Claire Conway, Catholic '18, was featured on Forbes Next 1000, designed to feature the "Upstart Entrepreneurs Redefining the American Dream." Claire is the chief operating officer of RINGLET, a full-service marketing, design and brand management agency that works with small women-led businesses. Conway became co-owner of the business in 2018. The company has around 15 to 20 clients per quarter and revenue for 2020 totaled $250,000. Read Claire's profile.
We reached out to Claire to hear about her experiences in the business world, and to see how her time at the Busch School and Catholic University helped prepare her for her career as an entrepreneur:
Can you tell us about the work you do at RINGLET?
"I'm the COO and Co-Owner of RINGLET. Currently, according to American Express, only 5% of women-owned businesses are making over $100,000 and only 2% are making over $1 million. Driven by data and inspired by the impact women make when they believe in themselves and have the support they need, I joined RINGLET in 2018 to improve those numbers. I specialize in small business development and scaling revenue through marketing, creating processes that have increased sales by 275%, pricing models that increased revenue for clients by 150%, and marketing strategies that create roadmaps and metrics for success. I was recently featured in Forbes as a Forbes Next 1000, The Upstart of Entrepreneurs Redefining the American Dream.
I work in four main areas; operations and strategy for RINGLET, developing strategy for scaling small businesses with the goal of hitting their first 6-figure revenue year, coaching and strategy for small businesses making over $250k who have the goal of making over $1mil in revenue, and managing the marketing strategy and development for businesses making up to $10mil in annual revenue."
How did you get interested in this type of work?
"I first became interested in this work when I watched my hometown, Phoenixville PA, develop and grow its small businesses on the main street. Through high school, I worked at some of those small businesses and started my own. Having watched my town transform when it started supporting small businesses over big chains, I became passionate about them. In college, I started learning how to support startups and small businesses and help them grow through improved business strategy, marketing, pricing models, and financial planning."
How has your career evolved since you were first hired to work with Elise Crawford, founder of RINGLET?
"My career has evolved QUICKLY since I was first hired in 2018. This is something that Professor Bob Keith prepared me for in my senior year at Catholic University when I decided I wanted my first job to be with a start-up. I started as a contractor with around 5 hours per week, within a year I was full-time with percentage ownership in the company. 3 years later, I am the COO and Co-Owner of RINGLET which is now investor-backed. My best advice for people looking to work in start-ups is to stay agile, learn new skills weekly, and be clear about your dedication to the mission and how you want to be a part of achieving it.

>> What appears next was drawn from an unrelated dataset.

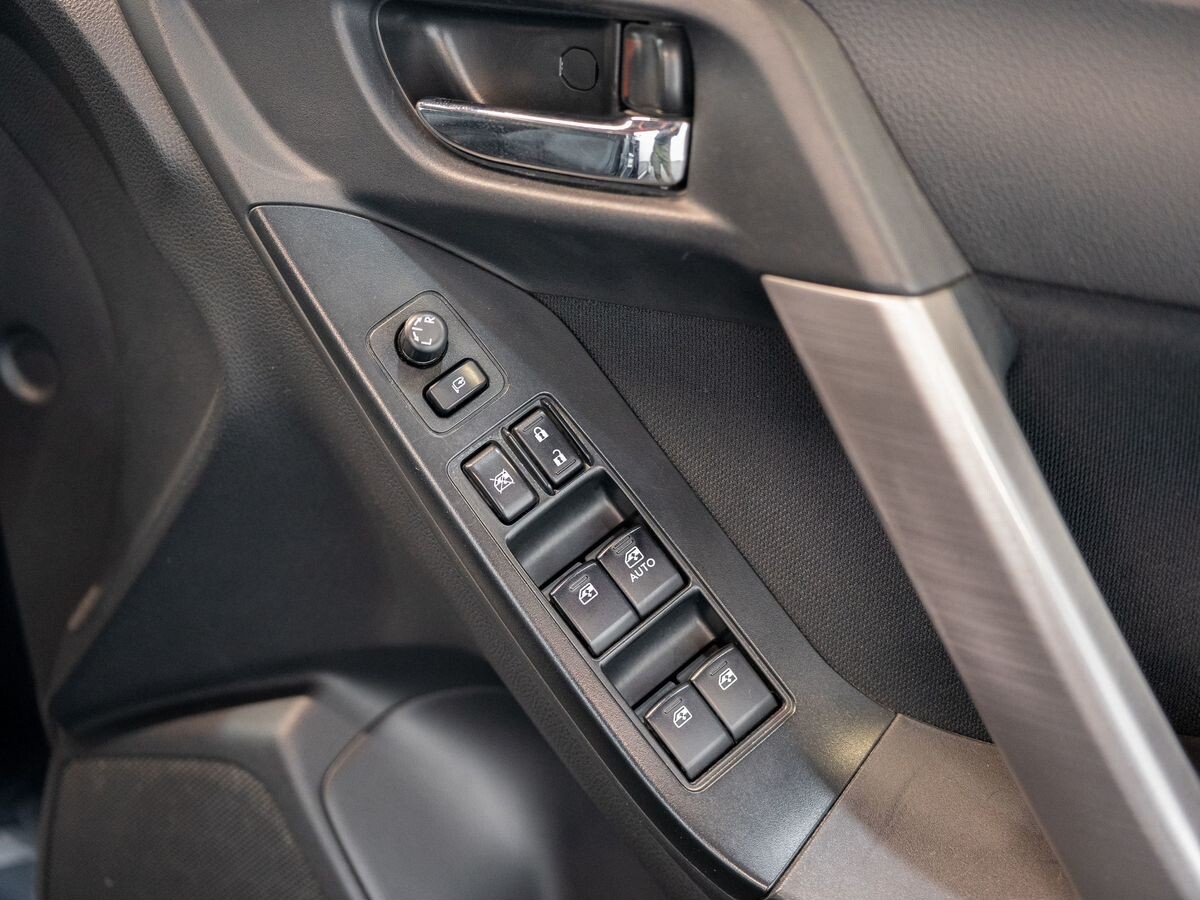 Subaru Forester 2015 - фото автомобиля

What new projects is RINGLET working on?
"RINGLET recently launched RINGLET Resources and Coaching where Elise and I work one-on-one with entrepreneurs and business leaders to help them create strategic growth plans and walk alongside them as they build their business for success."
How did the Busch School and Catholic University help prepare you for your career?
"During my time at the Busch School, I was given the opportunity to work in the Small Business Growth Lab with Professor Bob Keith through the Ciocca Center for Principled Entrepreneurship. This experience is how I learned the skills I needed for my career. I also had opportunities to work within the business school that taught me to work hard, carve out spaces for myself, and push for what I needed. In the classroom, I was able to connect with my classmates and professors because of the small class sizes, which allowed me to make meaningful connections that have scaled my career."
What advice do you have for women in business?
"My advice for women in business would be to not change yourself to fit in an industry that you don't feel was built for you. Instead use your intelligence, experience, and skills to transform the industry to better serve you, its customers, and all the people that will come after you. Make room for others, and when you have successes make sure you look around and see who else you can bring up with you.
My second piece of advice is to talk about money, start financial planning now, and ask questions.
My last piece of advice is to not allow your successes to be gendered, don't stand for the "girlboss" mentality, it’s belittling and shallow and doesn’t treat women with the equality and equity they rightly deserve. Allow for your successes to be viewed equally to those of your male and female counterparts. You are capable of extraordinary things. In order to achieve them, you need a community and you need to be a community for others."